Tim, prove di pace tra soci

FINANZA
Tim, prove di pace tra soci

(Afp)

Prove di pace tra i soci di Tim. All'assemblea dove si sarebbe dovuto votare per la proposta di Vivendi, la revoca di cinque consiglieri tra cui il presidente Fulvio Conti e la loro successiva sostituzione, il socio francese fa a sorpresa un passo indietro, chiedendo di ritirare il punto all'ordine del giorno. Elliott incassa una prima piccola vittoria, in attesa di capire se le premesse sono concrete per una nuova fase davvero più "armoniosa" nel cda di Tim che, a furia di esposti, polemiche e recriminazioni tra i grandi azionisti appare bloccata, soprattutto in Borsa. E non è un caso che il titolo sia salito, guadagnando a fine seduta il 2,48% a 0,55 euro.


La pace vacilla, però, al momento dei voti in assemblea: Vivendi si astiene sul bilancio - approvato con il 64% dei voti - e sul piano di remunerazione, facendo bocciare, di fatto, quest'ultima proposta. Più disteso l'ultimo voto, con oltre il 95% dell'assise favorevole a soprassedere alla revoca dei consiglieri. Anche l'intervento del rappresentante di Vivendi, Caroline Le Masne de Chermont, è stato conciliante, ma ha posto qualche condizione. I francesi, con il loro 23,9%, vogliono che il board di Tim "rifletta la base azionaria e sia indipendente, trasparente e pienamente inclusivo". Se così sarà, "siamo pronti a dare credito a quanto ha detto il ceo".

Dopo l'assemblea, afferma ancora, "il prossimo passo è nelle mani dei membri del board e delle loro coscienze. Quello che possiamo dire è che se arriveranno i cambiamenti che il ceo ha annunciato potrà contare sulla nostra lealtà". Vivendi, spiega ancora il rappresentante, "è interessata più di ogni altro azionista a ristabilire una governance collegiale che supporti il management a implementare il piano e la sua creazione di valore nell'interesse di tutti gli azionisti, della compagnia e dei suoi dipendenti".

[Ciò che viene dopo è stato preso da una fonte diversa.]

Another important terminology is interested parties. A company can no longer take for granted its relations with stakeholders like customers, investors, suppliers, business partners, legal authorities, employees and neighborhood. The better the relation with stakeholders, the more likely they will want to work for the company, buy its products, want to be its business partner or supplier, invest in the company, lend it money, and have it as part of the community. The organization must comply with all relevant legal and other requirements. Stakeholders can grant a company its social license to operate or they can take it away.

Se sarà una fiducia a tempo si vedrà nei prossimi giorni. Nel frattempo, i vertici apprezzano e il presidente Fulvio Conti chiosa, al termine dei lavori: "Ce la metterò tutta perché questa pace sia duratura". Pienamente ottimista anche l'amministratore delegato, Luigi Gubitosi, che preferisce parlare di "pace" piuttosto che di "tregua". Anzi, "siamo - sottolinea alla fine - tutti molto soddisfatti, io, il consiglio e gli azionisti: si è deciso con una percentuale elevatissima di eliminare un tema di contenzioso e oggi è stato il primo passo di una lunga marcia che faremo insieme, il primo passo per ristabilire rapporti molto più distesi e collaborativi tra gli azionisti".

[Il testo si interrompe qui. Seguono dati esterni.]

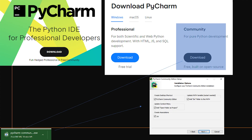Once you start the setup for PyCharm, make sure you have the Community Edition selected, along with desktop shortcut, update the path variable, update context menu, and create associations. I left all those selected when I downloaded PyCharm, and these are the settings I would recommend.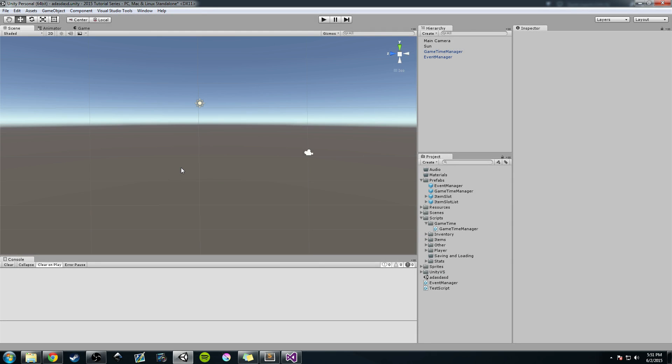Hey guys, Hardly Brief Dan here with another episode of the Unity Make an RPG series. Today we're going to work on creating or simulating a sun in our game environment. We're going to be using the Game Time Manager and we're going to talk about how you can use the Event Manager as well.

Per ora, però, niente cambiamenti nella governance, ovvero nella composizione del board. "Il board dopo oggi resta quello attuale, che è stato nominato un anno fa e che dura tre anni, non so col tempo cosa succederà", chiarisce. Anche Elliott plaude alla prima svolta nei rapporti tra i due soci e la definisce "una vittoria per la società", che "apre la strada alla stabilità e alla creazione di valore sostenibile per tutti gli stakeholder di Tim".

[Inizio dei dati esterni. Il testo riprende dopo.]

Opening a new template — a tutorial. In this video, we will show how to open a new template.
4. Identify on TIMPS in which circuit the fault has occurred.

In assemblea, l'auspicio per una nuova fase meno litigiosa e incerta era arrivata anche dai rappresentanti degli investitori istituzionali, per bocca del legale Dario Trevisan, e addirittura dal collegio sindacale.   Adesso, la prima preoccupazione del management è "il piano da implementare", insieme agli accordi (vedi Vodafone) e alle trattative ancora in piedi, come quella - sempre attuale - con Open Fiber per lo sviluppo della rete. Su questo punto, Gubitosi è particolarmente ottimista perché "c'è un vantaggio", ossia che la potenziale collaborazione "crea valore".

Anche il 2019 "si chiuderà meglio di come è iniziato" perché dopo la guerra dei prezzi, "il trend si è invertito". Anche il titolo potrà migliorare. "In questo momento - afferma - ho investito in Tim più di quanto ricevuto e continuerò a farlo. Non sta a me dare un valore al titolo, sarebbe inappropriato, ma credo che di aver già espresso un certo ottimismo sulla società investendovi".